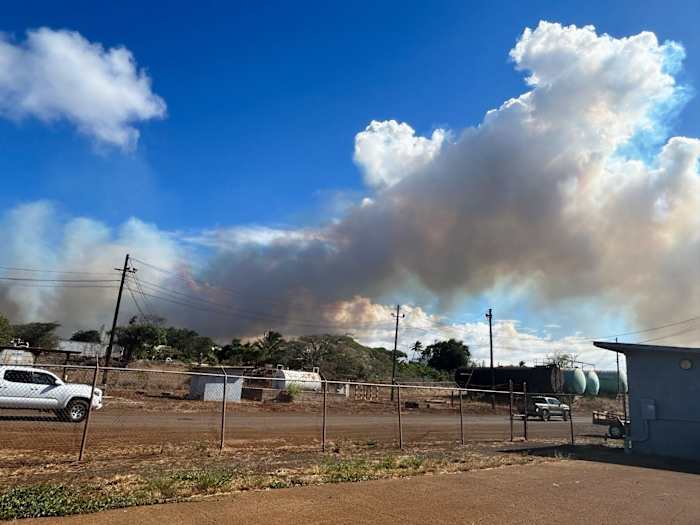 Maui -functionarissen heffen evacuaties op, sluiten schuilplaatsen na een willekeurige dreiging voor de stad North Shore Recedes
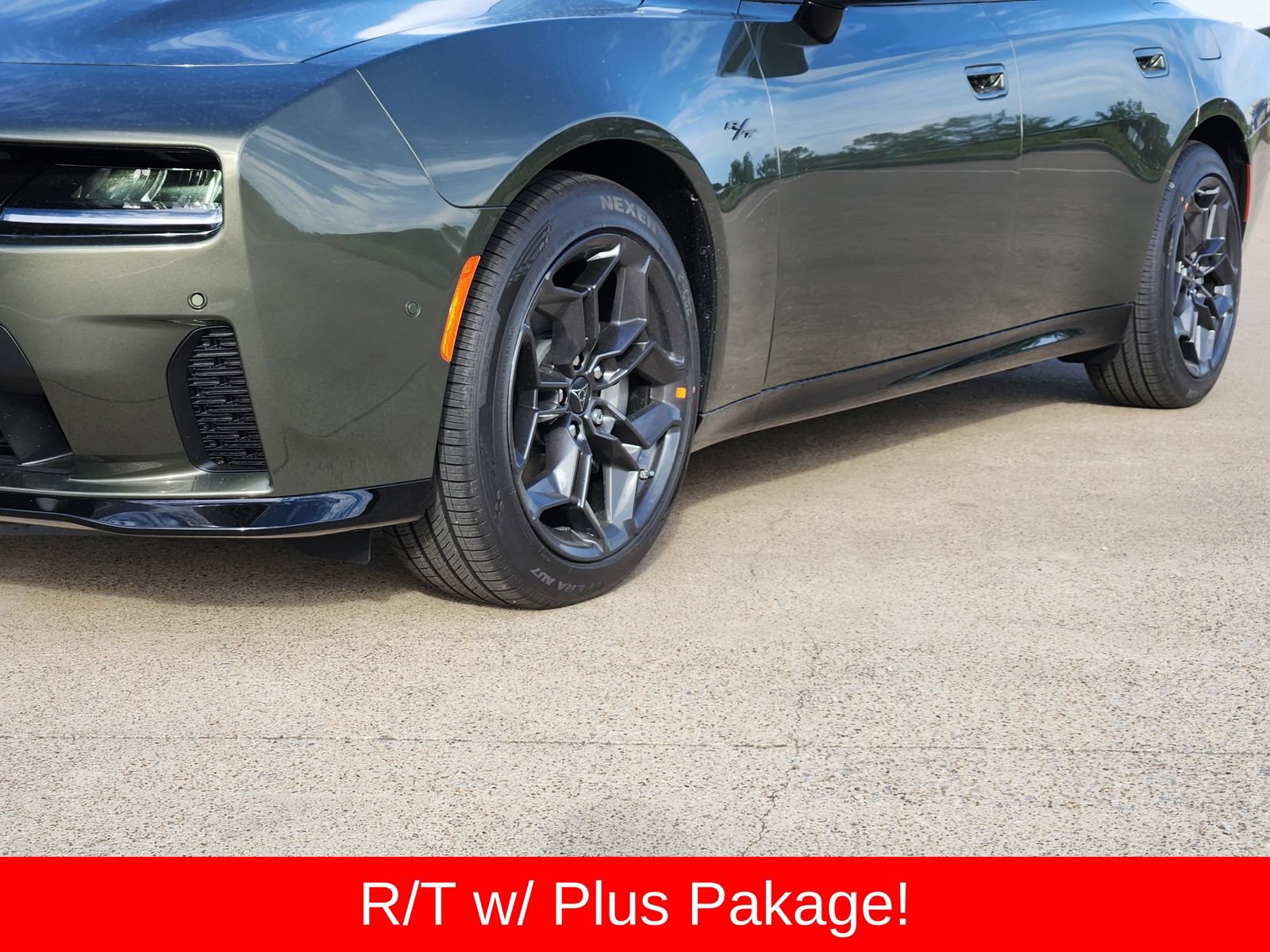 New 2026 Dodge Charger R/T w/ Driver Convenience Group AWD/4WD image 12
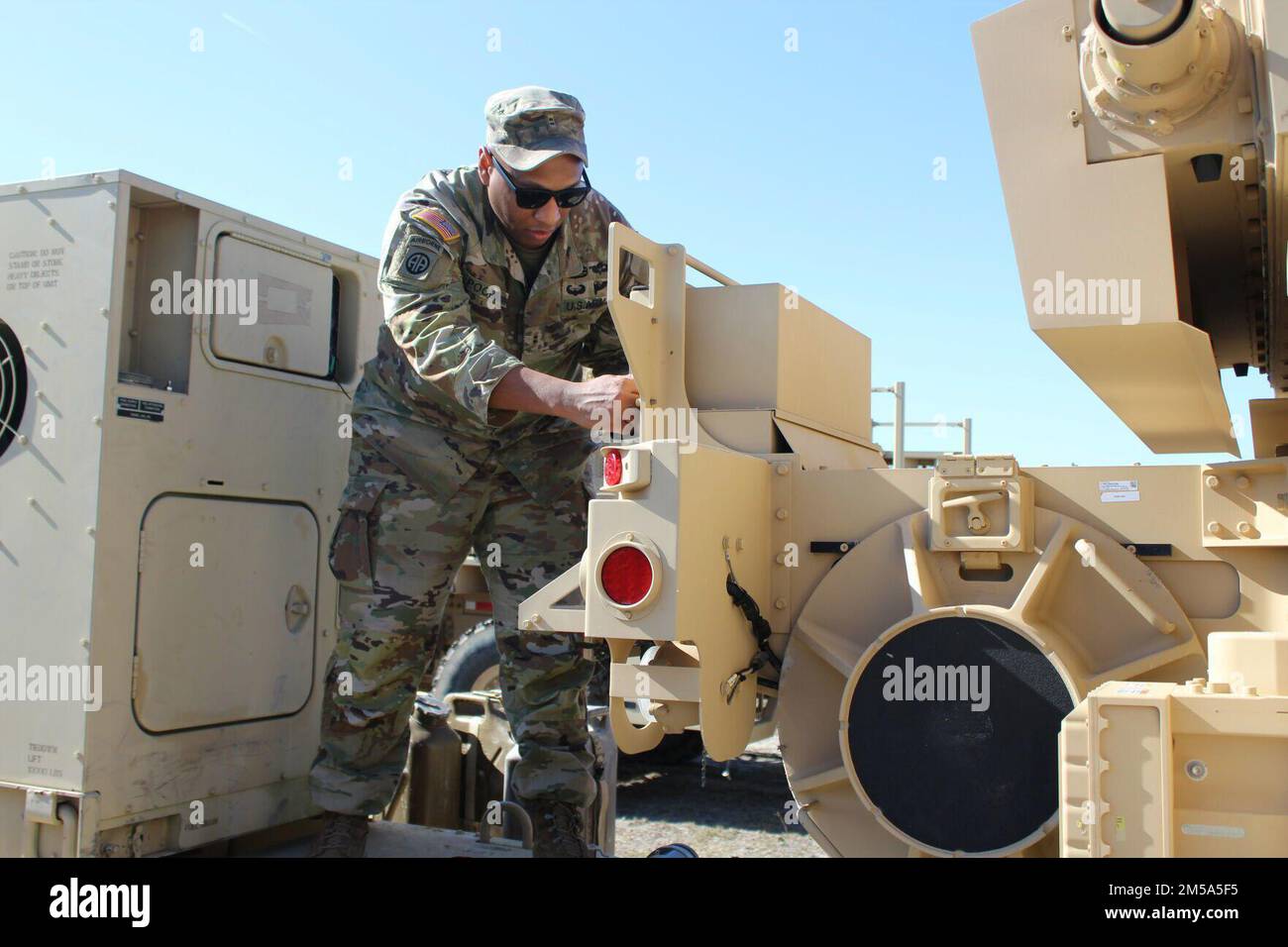 Il Chief Warrant Officer Neville Poole, 101st Division Artillery, Airborne Division (Air Assault) verifica una Q-53 febbraio 14 presso l'impronta DIVARTY. La storia del servizio militare della Famiglia di Poole risale alla seconda guerra mondiale quando suo nonno, Nevill Leroy Carpenter, si arruolò nell’esercito nel 1938, secondo i documenti archivistici. Foto Stock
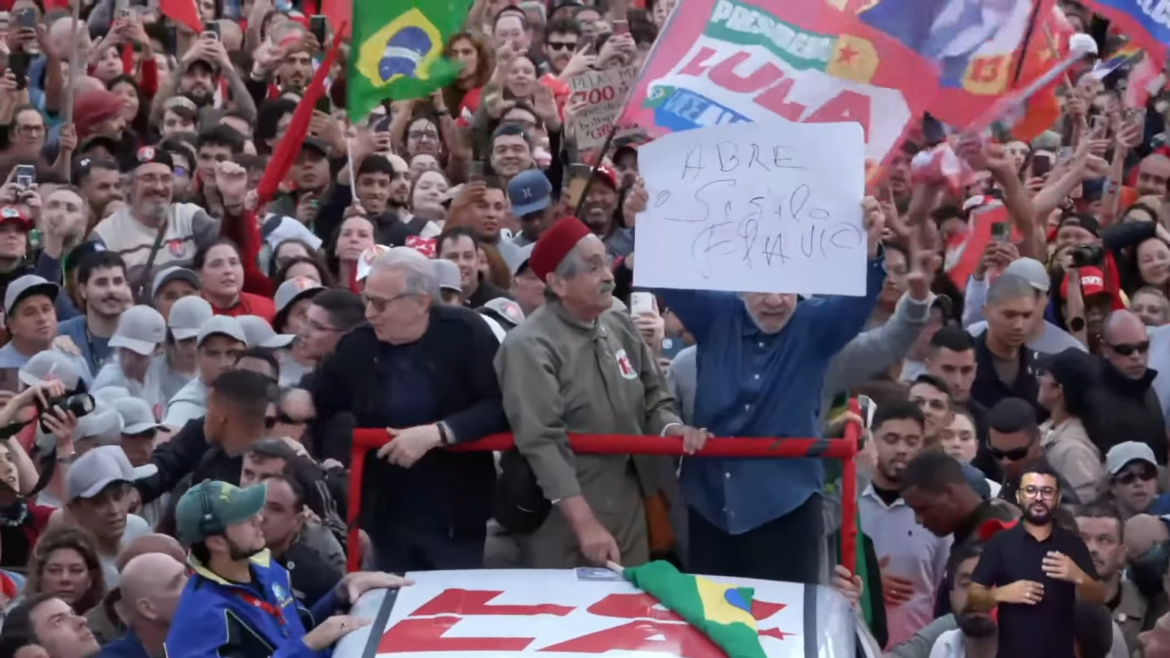 lula-diz-que-vai-entregar-ao-tse-autorizacao-para-quebra-de-sigilo-bancario-e-telefonico-dele-e-da-familia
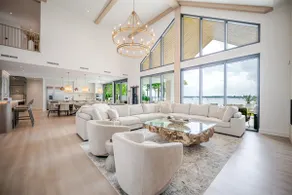 The Luxury Lac Champlain, Venice in Quebec with HOT TUB - Image 5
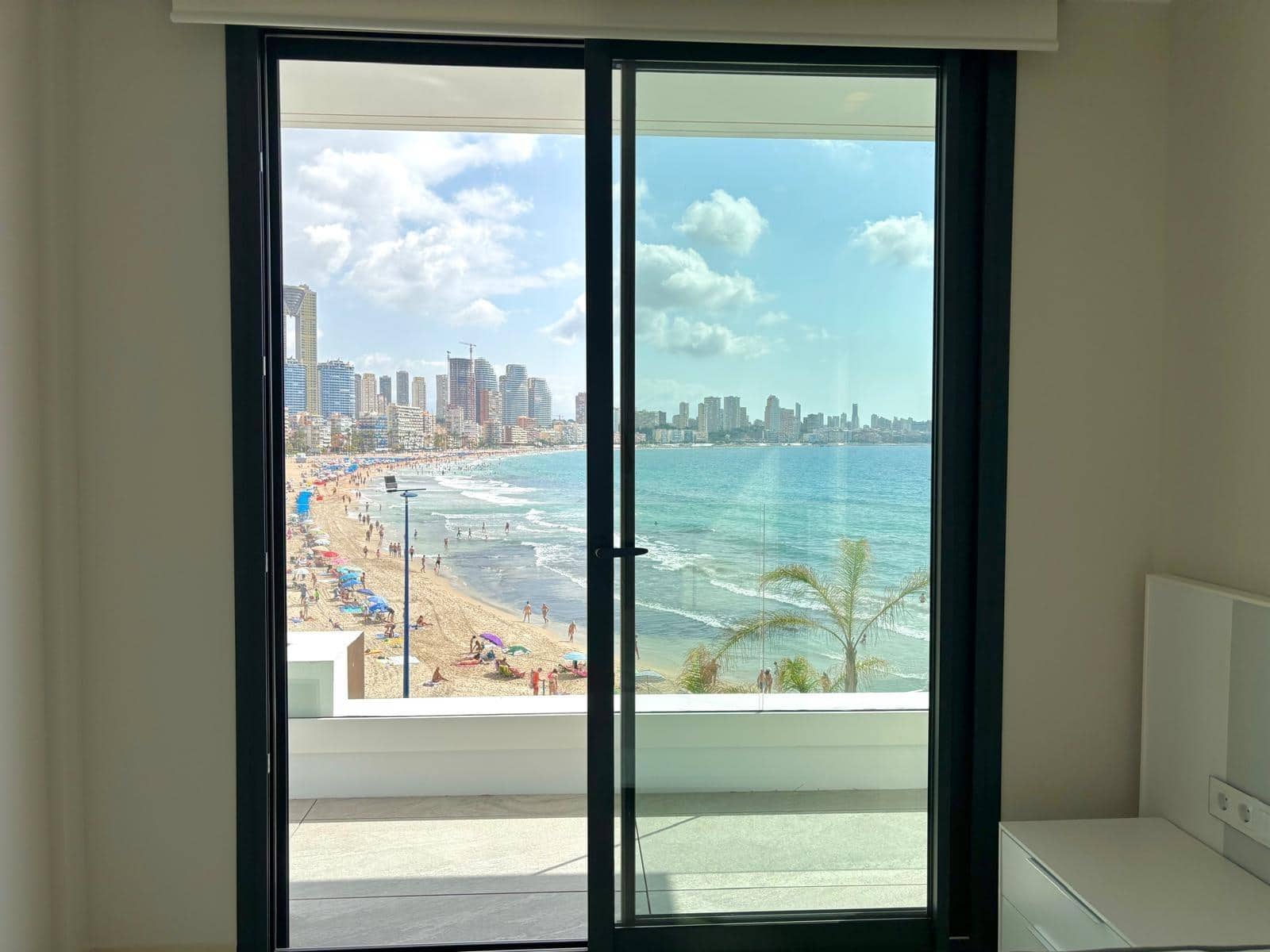 3 slaapkamer Appartement te koop in Benidorm met zwembad garage - € 1.650.000 (Ref: 8663291)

□ □ □ □ □

### [TASK GOAL]
Leaving out all pictures, retype exactly the lines that run from the one containing "New 2026 Dodge" through the last line of the material.

### [THE COMPLETED TASK]
 New 2026 Dodge Charger R/T w/ Driver Convenience Group AWD/4WD image 12
 Il Chief Warrant Officer Neville Poole, 101st Division Artillery, Airborne Division (Air Assault) verifica una Q-53 febbraio 14 presso l'impronta DIVARTY. La storia del servizio militare della Famiglia di Poole risale alla seconda guerra mondiale quando suo nonno, Nevill Leroy Carpenter, si arruolò nell’esercito nel 1938, secondo i documenti archivistici. Foto Stock
 lula-diz-que-vai-entregar-ao-tse-autorizacao-para-quebra-de-sigilo-bancario-e-telefonico-dele-e-da-familia
 The Luxury Lac Champlain, Venice in Quebec with HOT TUB - Image 5
 3 slaapkamer Appartement te koop in Benidorm met zwembad garage - € 1.650.000 (Ref: 8663291)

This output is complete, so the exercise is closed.